No matter where you live, the health of the world's soils matters to you.

Unsplash / Noah Buscher

Worms, Microplastics, and Soil Health

In the first study, published Wednesday in the journal Environmental Science and Technology, researchers investigated how soil ecosystems respond to contamination by microplastics, which they call “an emerging threat to biodiversity and ecosystem functioning.”

They added several types of plastic to soil containing ryegrass seeds and earthworms, and they discovered that fewer seeds germinated, plant shoots were shorter, and worms withered when soils contained plastics. The rosy-tipped earthworm (Aporrectodea rosea) lost about three percent of its body weight over 30 days, compared to a five percent weight gain in the plastic-free soil.

Earthworms “dramatically alter soil structure, water movement, nutrient dynamics, and plant growth,” according to the US Department of Agriculture. Moving through soil, they shred, mix, and defecate, improving water infiltration and holding capacity. Their burrows aerate soil, allowing water to enter the ground more quickly. And increased infiltration helps to prevent pollution by “minimizing runoff, erosion, and chemical transport to surface waters.”

Worms also influence their invertebrate neighbors by distributing organic matter and microbial populations. These little guys take in plant material like dead leaves from above ground and recycle them by pulling the materials beneath the soil’s surface, processing it, and fragmenting it through their guts to make the nutrients available to plants.

This study suggests that microplastics interfere with “basic, but crucial soil properties,” the researchers write, “with potential further impacts on soil ecosystem functioning.”

In short, introducing plastic to the intricacies of the soil system could have a big effect on how it all works, and as recent research has shown, microplastics are pretty much everywhere, so this matter is less of an if than a when.

Climate change could worsen soil runoff, scientists predict.

Unsplash / H A M A N N

Climate Change, Water, and Soil Runoff

Soil ecosystem functions are changing in other ways, too, thanks to human activities.

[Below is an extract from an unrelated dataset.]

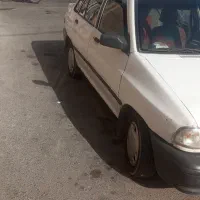 پراید مدل 82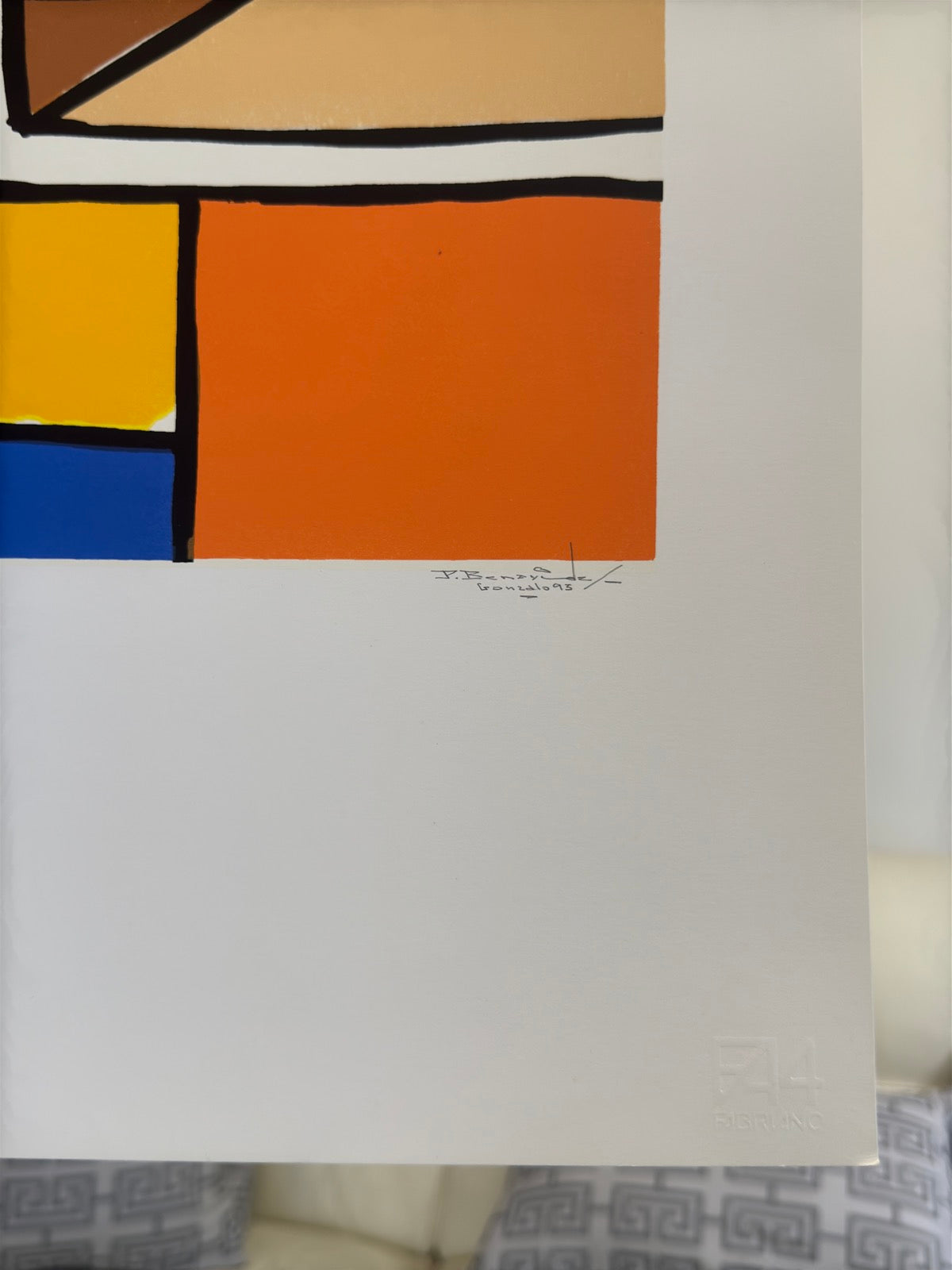 Image by Frederick Arciniegas, 2024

The increased rainfall associated with climate change is increasing runoff by making it harder for soil to absorb water during heavy rain, shows a study published Wednesday in the journal Science Advances.

The change in infiltration comes from the way soil particles rearrange themselves as the climate changes. Lead author Daniel Giménez, Ph.D., a soil scientist and professor at Rutgers University, tells Inverse that soil scientists were aware of those changes taking place over decades or centuries.

“The surprise was that over a period of 25 years, those changes were well-manifested,” he says. 

His team’s findings can help fill in crucial gaps to improve estimates of what the future climate will look like. Current predictions tend to account for changes in vegetation and atmosphere, but not soil, Giménez says.

“We need to start looking at how the soil is changing to better inform those climate change models,” he says. “It’s going to change the entire picture.”

Lack of water infiltration poses problems because it sends chemical runoff, like pesticides and fertilizers, into wetlands and groundwater. Those chemicals can have dire effects for lakes and oceans — as well as human health.

Unsplash / Kobu Agency

Can Human Politics Solve the Environmental Issues Humans Have Caused?

To address issues surrounding runoff, former President Barack Obama instituted clean water protections in 2015, which he said would protect the one-in-three Americans who get their drinking water from streams that previously lacked protection. The plan limited chemical pesticides and fertilizer use near streams and wetlands and restricted certain kinds of plowing and planting.

These limits also lent a hand to earthworms, in all their nutrient-cycling, soil-structuring importance. The worms are sensitive to pesticides, and plowing can kill up to 90 percent of them in a given area, said Graeme Willis, senior rural policy campaigner at Campaign to Protect Rural England, in a video for The Guardian.

The Environmental Protection Agency under President Donald Trump, however, plans to roll back those regulations, the administration announced this week.

As the leader of the American Farm Bureau Federation celebrated the move, environmental advocates condemned it.

“With many of our cities and towns living with unsafe drinking water, now is not the time to cut back on clean water enforcement,” Laura Rubin, director of the Healing Our Waters-Great Lakes Coalition, told The New York Times. “We need more, not less, protection for clean water.”

As these two latest studies show, humans have dealt a one-two punch to soil health, and protecting surface waters from pollution is a crucial part of stemming the harm. The future consequences of rolled-back regulations aren’t yet certain, but we might not have to wait long to find out.